What is expected:
Print the lines in the listing below starting at the line with "Küchenblock Touch Low" and ending at the line with "dietician broccoli badge", both included. Reproduce them exactly and omit every picture.

Task material:
►
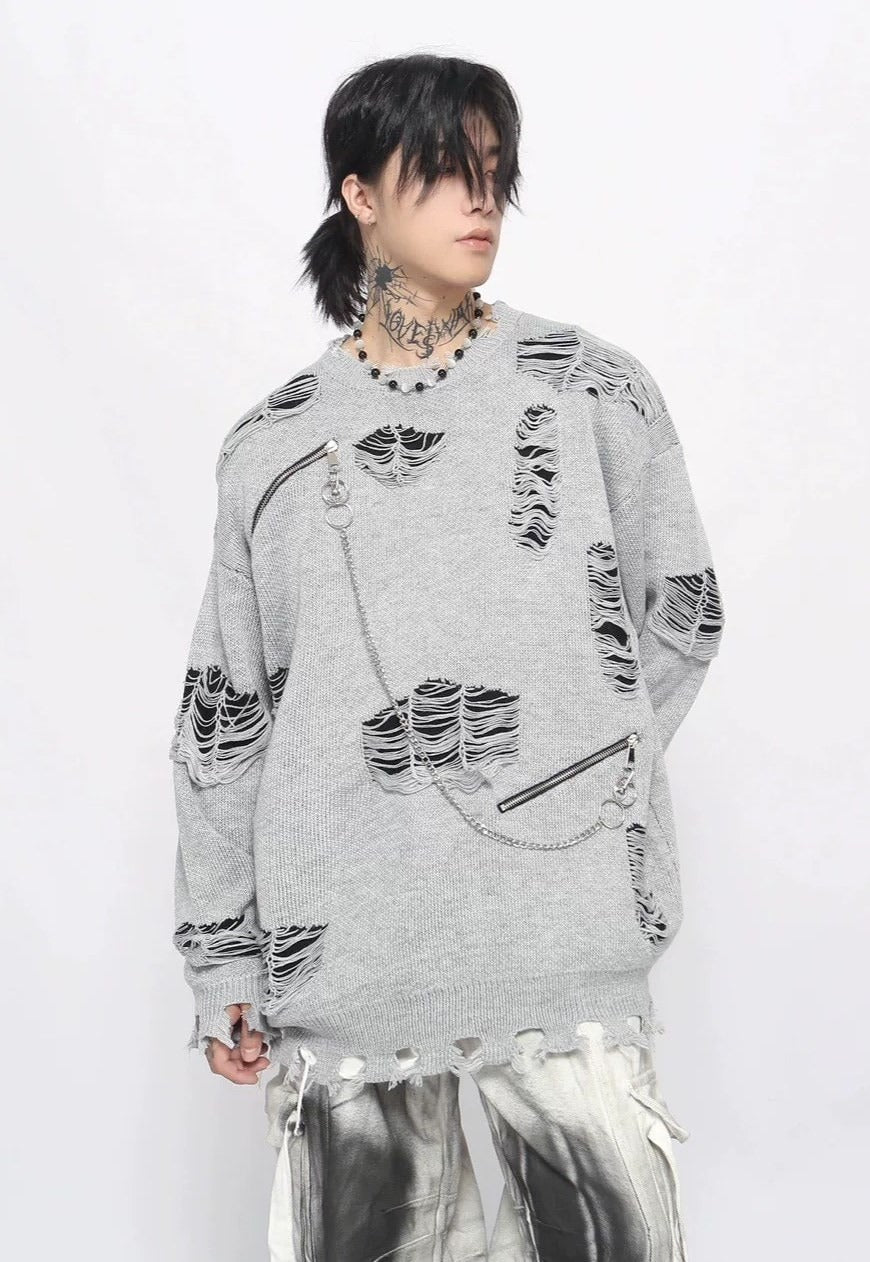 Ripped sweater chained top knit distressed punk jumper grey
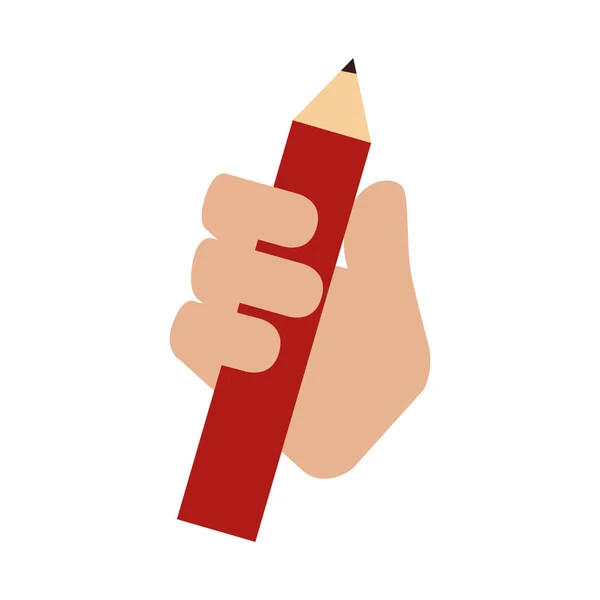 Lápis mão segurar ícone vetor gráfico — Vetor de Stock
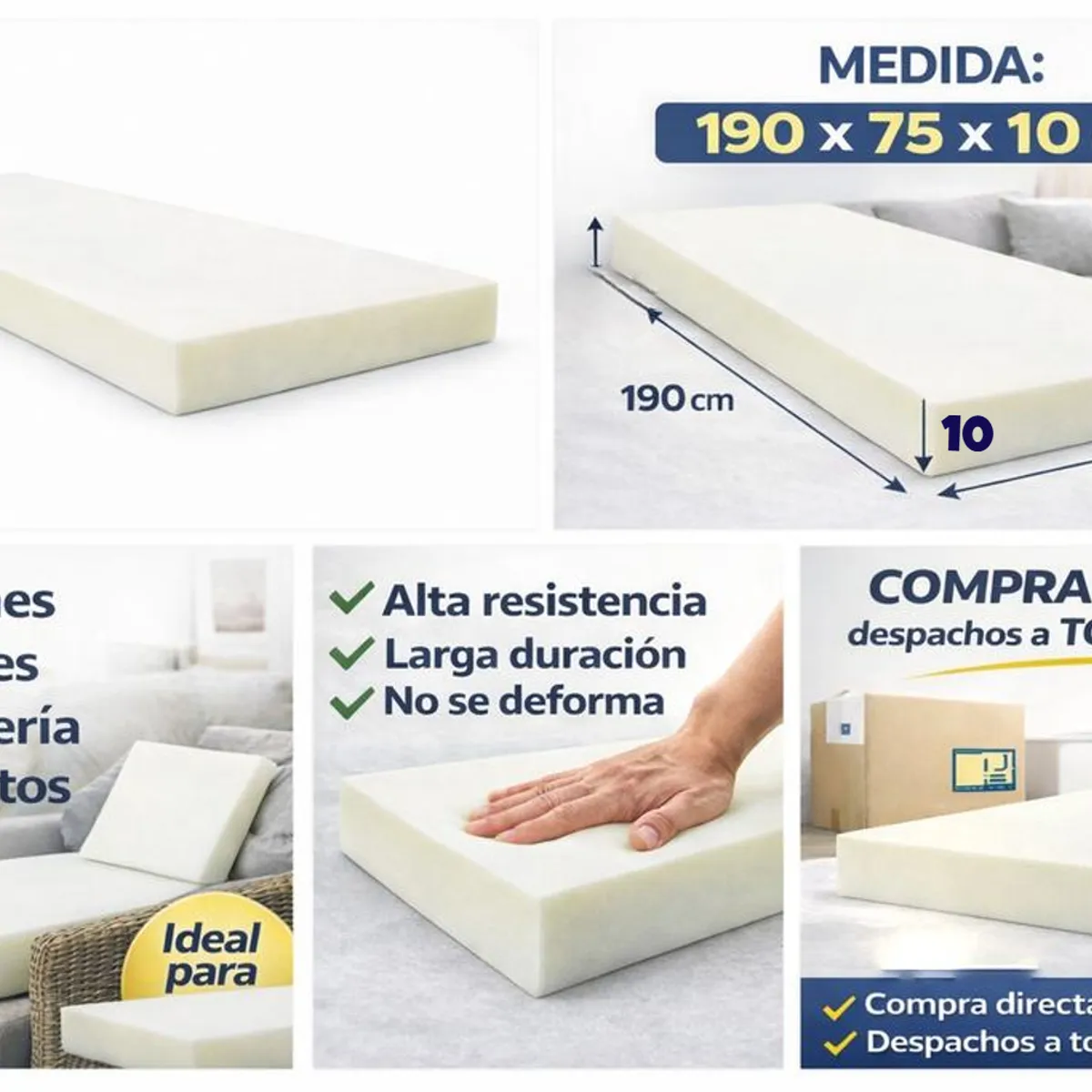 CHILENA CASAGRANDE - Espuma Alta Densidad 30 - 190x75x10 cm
◄
►
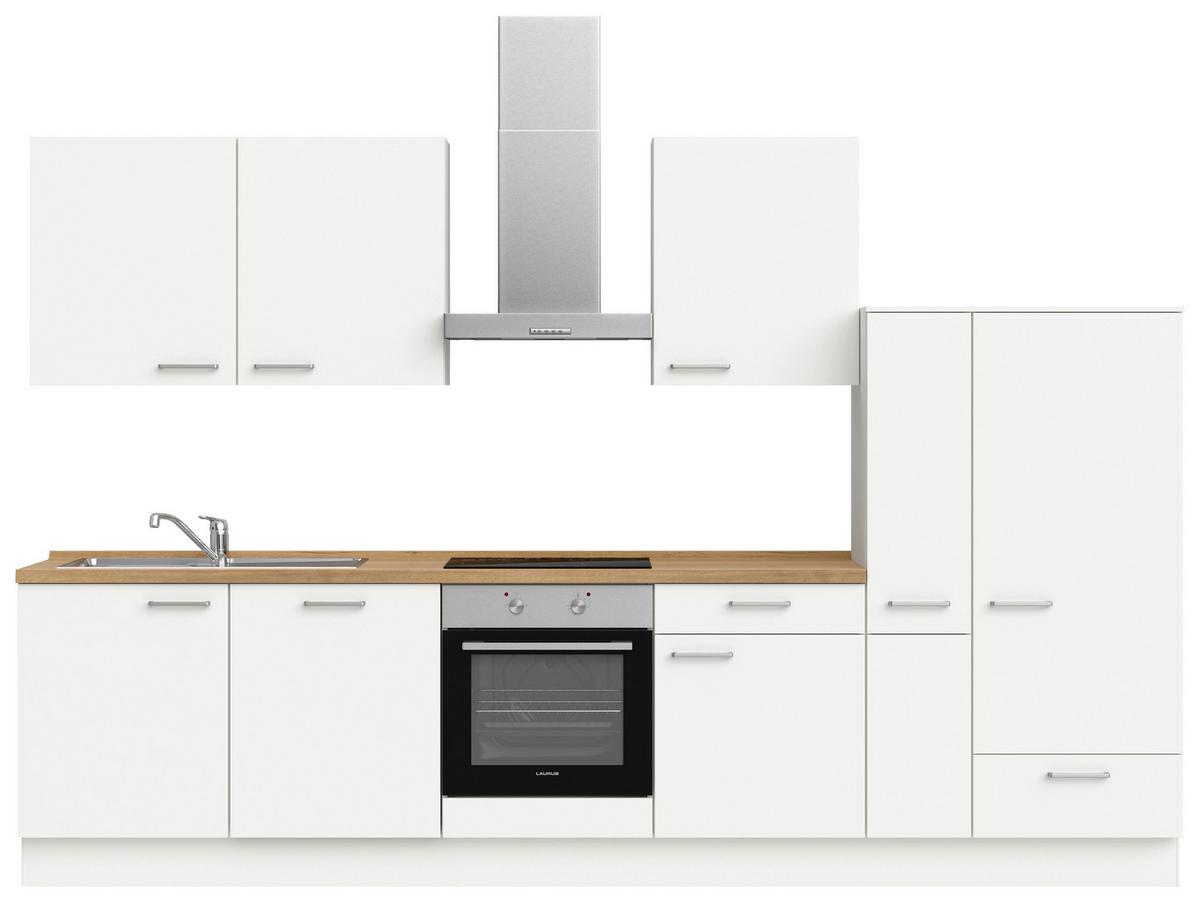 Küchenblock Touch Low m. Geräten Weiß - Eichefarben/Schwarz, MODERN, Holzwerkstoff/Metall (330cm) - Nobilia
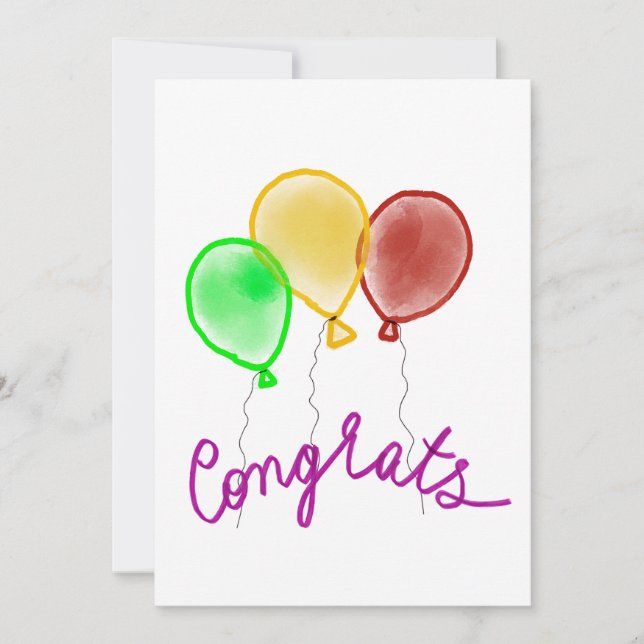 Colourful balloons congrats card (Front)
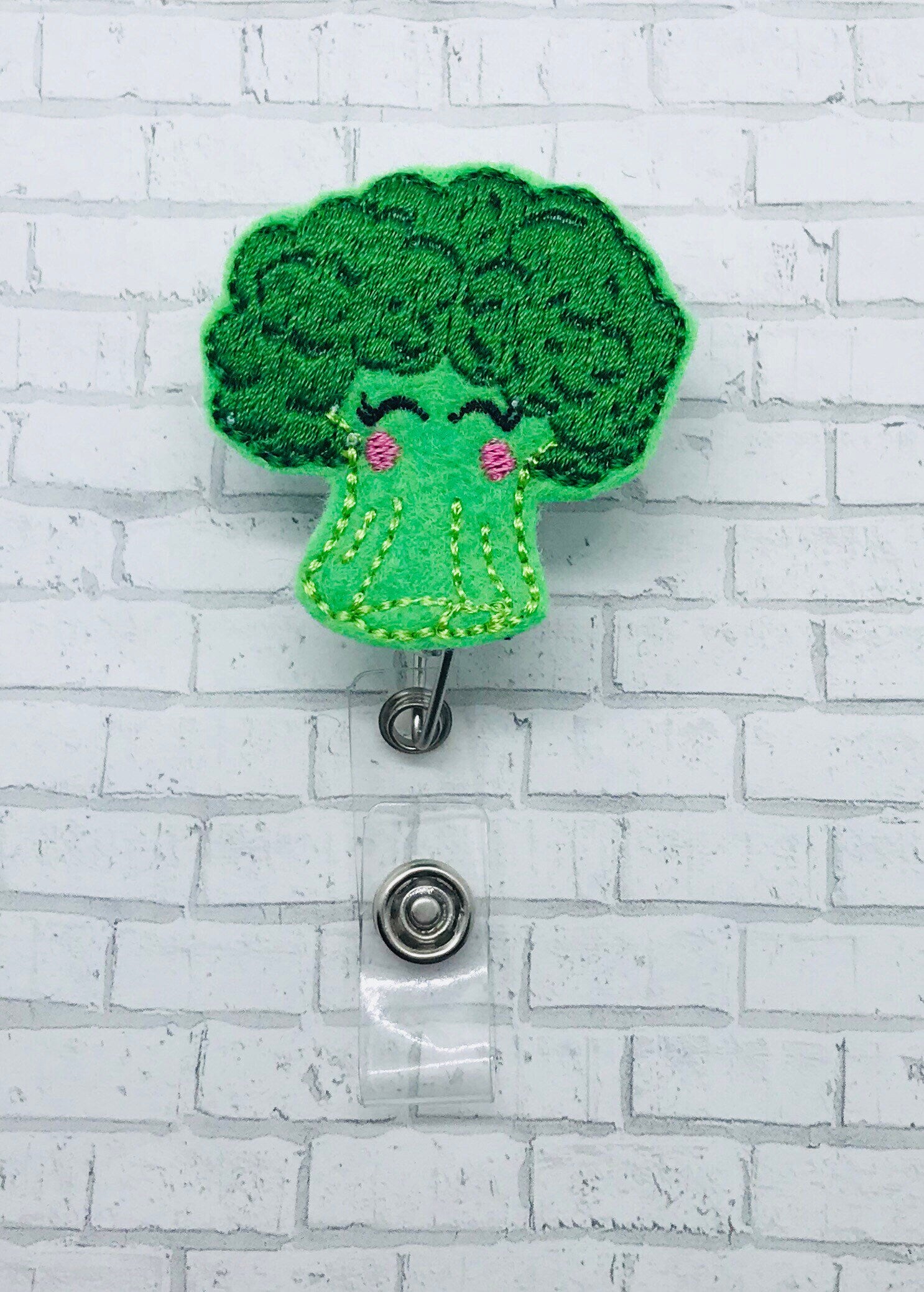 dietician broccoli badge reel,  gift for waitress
◄
►
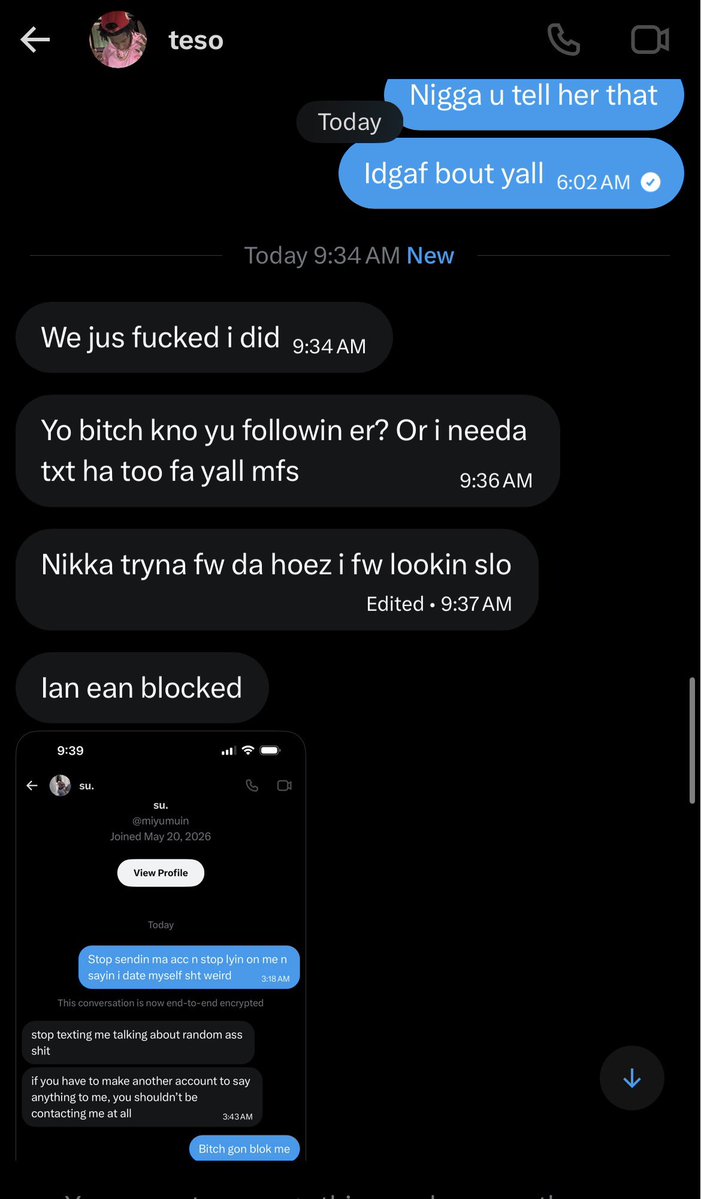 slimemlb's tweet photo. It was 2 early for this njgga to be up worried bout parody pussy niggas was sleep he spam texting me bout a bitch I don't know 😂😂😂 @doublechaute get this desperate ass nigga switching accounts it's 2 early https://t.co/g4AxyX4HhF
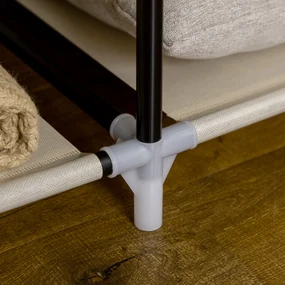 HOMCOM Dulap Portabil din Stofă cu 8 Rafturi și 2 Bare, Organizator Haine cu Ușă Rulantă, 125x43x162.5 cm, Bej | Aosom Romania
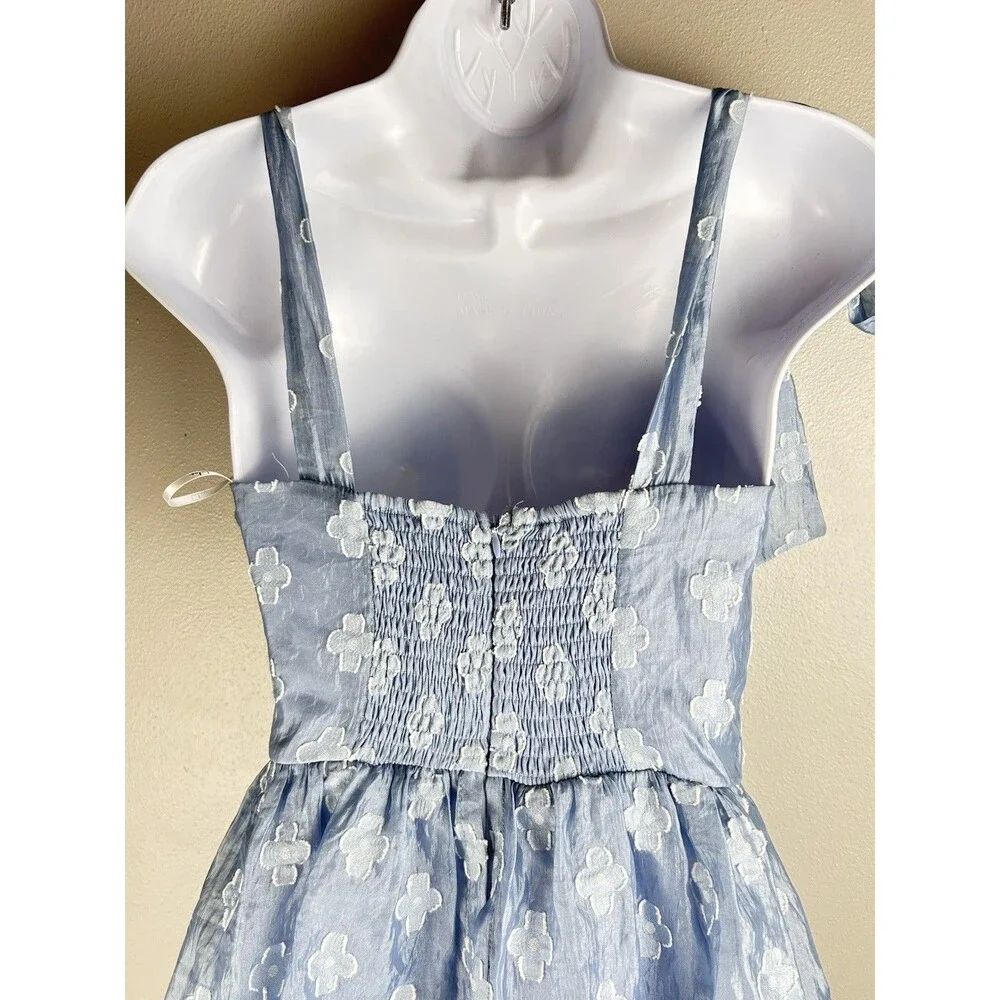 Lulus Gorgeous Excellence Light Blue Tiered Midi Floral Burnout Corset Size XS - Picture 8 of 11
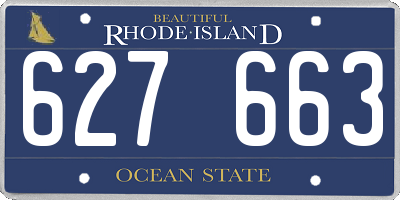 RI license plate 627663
◄
Exercise answer:
 Küchenblock Touch Low m. Geräten Weiß - Eichefarben/Schwarz, MODERN, Holzwerkstoff/Metall (330cm) - Nobilia
 Colourful balloons congrats card (Front)
 dietician broccoli badge reel,  gift for waitress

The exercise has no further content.